The book is an even greater rag-bag of ideas than the Plea. Most of it is written in the style of a public address and some of the chapters do not relate to each other. There is much repetition of ideas and, in several places, he completely loses track of his arguments, which become vague, rambling and even contradictory. The probable reason for these shortcomings, as Scott revealed in his Recollections, is that he often wrote while travelling. ‘I find that it rather amuses than fatigues me & that my thoughts are freer at such times than any other while in a night journey, I often warm up to more enthusiastic sentiment than at other times I have leisure for’. There are no illustrations other than an elaborate title page which incorporates an architectural fantasy drawn by Orlando Jewitt. This shows what Scott would have considered to be the two most important secular buildings in Europe, the Cloth Hall at Ypres, representing the architecture of the north, facing across a square to the Doge’s Palace at Venice, representing the architecture of the south.

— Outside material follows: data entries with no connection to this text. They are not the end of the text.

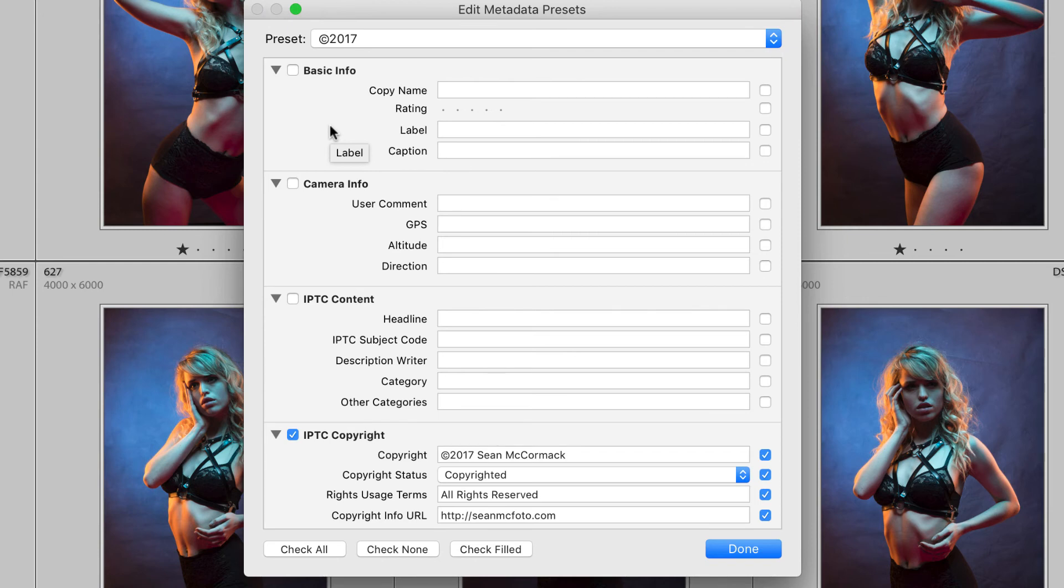So that's a look at editing and creating metadata presets. Hey folks I hope you enjoyed that and that you got some benefit from it. Metadata presets are useful for getting your copyright information out with all your files so I do recommend using one especially on import.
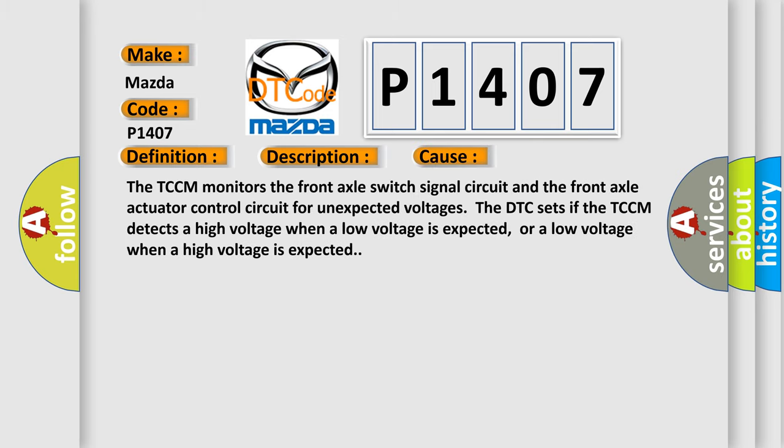The TCCM monitors the front axle switch signal circuit and the front axle actuator control circuit for unexpected voltages. The DTC sets if the TCCM detects a high voltage when a low voltage is expected, or a low voltage when a high voltage is expected.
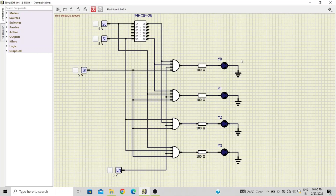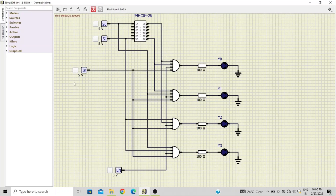With the two select lines S0 and S1, we select one of the four output lines Y0 to Y3. With combination 0-0, Y0 is active; 0-1, Y1 is active; 1-0, Y2; and 1-1, Y3 is active. Whatever data is on the input pin will be transferred to the active output while all remaining outputs stay 0.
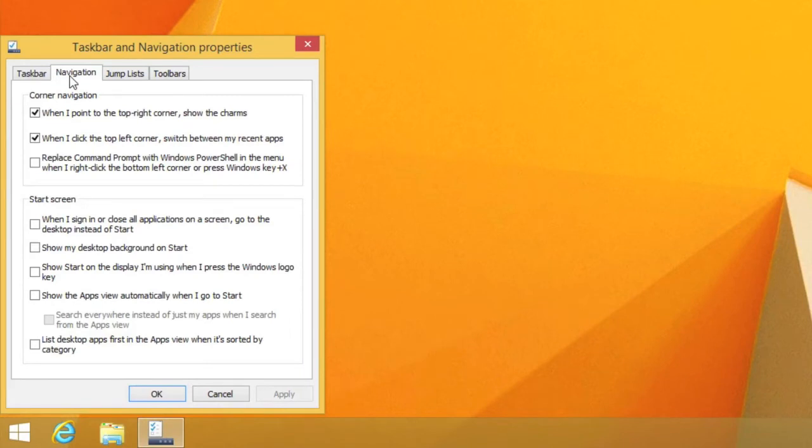You need to select the option: when I sign in or close an application on a screen, go to the desktop instead of start.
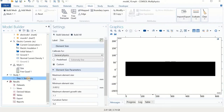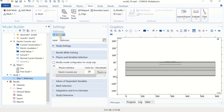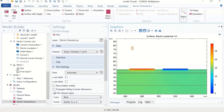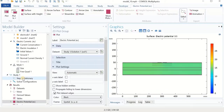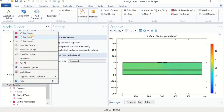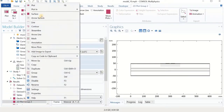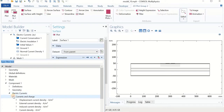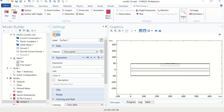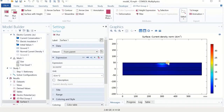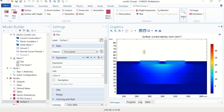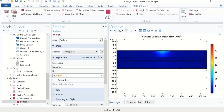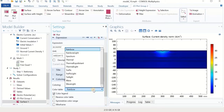We go to study — we have the stationary study and don't need to change anything. Click compute and wait for solving. The problem is solved and we have electric potential as the default result. I right-click, add to the plot group, right-click surface, select current results, go to current and plot the norm. I can refine the unit to milliamps per centimeters squared and use other colors. This shows how the current is applied to our system.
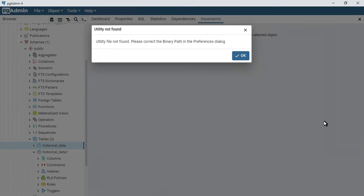It's basically when you're using pgAdmin4 for the first time after the installation of your PostgreSQL, you will get this error. Even though you have installed it, the path has not been mapped in your preferences. So you need to map the path first.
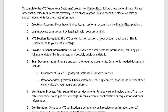First of all, we need to create the account. If you haven't already, sign up for an account on the FundedNext platform. Then log in to access your account using your credentials.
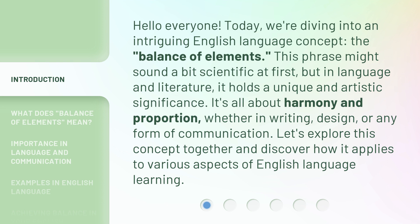This phrase might sound a bit scientific at first, but in language and literature, it holds a unique and artistic significance. It's all about harmony and proportion, whether in writing, design, or any form of communication. Let's explore this concept together and discover how it applies to various aspects of English language learning.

He dedicated the book to Beresford Hope, who was just the sort of person that Scott could have been expected to honour in this way; he was wealthy, influential, and a well-known Gothic enthusiast. Scott had probably first met him at Ecclesiologist Society meetings, and he had been an Honorary Fellow of the Institute since 1850. Hope was Scott’s most persistent ally in the Foreign Office controversy while he was in the House of Commons, and in the pages of The Saturday Review, which Hope owned, as well as being its joint-editor and its chief contributor on architectural matters. Events show that the aristocratic Hope liked Scott personally although he was never one of the various architects that Hope employed directly. Perhaps he was too evangelical for Hope’s high-church beliefs.
Scott, after this dedication, might well have been disappointed with the tone of a review of the book when it appeared in The Saturday on 1 May 1858, presumably from the pen of Hope. The reviewer commented:
Though somewhat diffuse in style, and occasionally perhaps rather too familiar and colloquial in expression, this work is so agreeably written and with such evident heartiness and sincerity of purpose that it almost disarms formal criticism and may [be] recommended to general readers in pursuit of amusement as well as … instruction.
After several years work, this patronizing tone is hardly what Scott would have hoped for his serious work, but the review is probably better than the book deserves. The first print run was soon sold out and a second edition appeared in the following year, but the publishers mis-calculated the demand and it eventually had to be remaindered.